LA PAZ (Reuters) - Rival miners from Bolivia's No. 2 tin mine, Colquiri, hurled sticks of dynamite and rocks at each other in the city of La Paz on Tuesday, killing one person and injuring nine others in an hour-long street battle.
Leftist President Evo Morales had seized control of the mine in June in an unsuccessful bid to end a conflict between unionized workers and independent miners.
The government took over operations at Colquiri after miners fought for weeks over control of the site, located about 200 km (125 miles) south of La Paz. The nationalization drew an angry response from the mine's former owner, global commodities trader Glencore.
Miners remain at odds over who has the right to exploit the richest part of the mine's resources.
A dynamite explosion ended up killing one unionized miner on Tuesday while another eight miners and a passerby were hurt in the clashes, Deputy Interior Minister Jorge Perez said.
"We lament this situation and call on both sides to abandon these extremist, radical and intransigent attitudes," Perez told a news conference, adding that the government aims to mediate the dispute starting on Wednesday.
Reuters witnesses said thousands of independent miners entered La Paz around midday and threw dynamite at several dozen unionized miners who were standing guard outside the Miners' Federation labor organization and responded later with their own dynamite sticks.
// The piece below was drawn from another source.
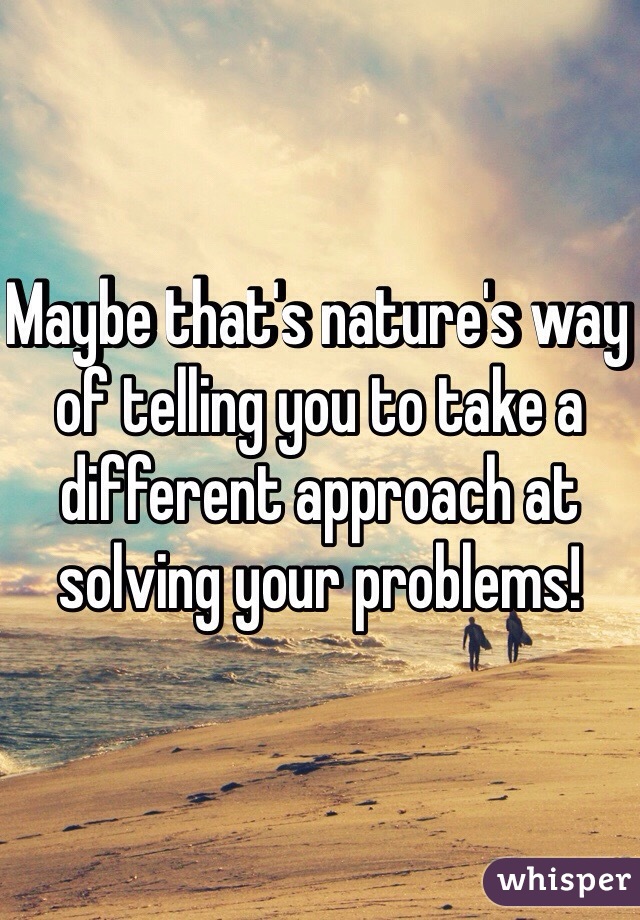 Maybe that's nature's way of telling you to take a different approach at solving your problems!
Both sides also hurled rocks.
The unionized workers said they will demand that Morales expel the independent cooperative miners from Colquiri, where they were allowed to continue mining one section of the site under June's government-brokered accord.
Production losses at the mine have topped $5 million since the dispute reignited at the beginning of the month.
Colquiri should produce about 3,000 tonnes of tin concentrates this year, representing about 15 percent of estimated national output of some 21,000 tonnes. Most of the rest of Bolivia's tin is produced at the state-run Huanuni mine.
Mining is Bolivia's second-biggest foreign currency earner after natural gas. Its most important metals export is silver, followed by zinc and tin.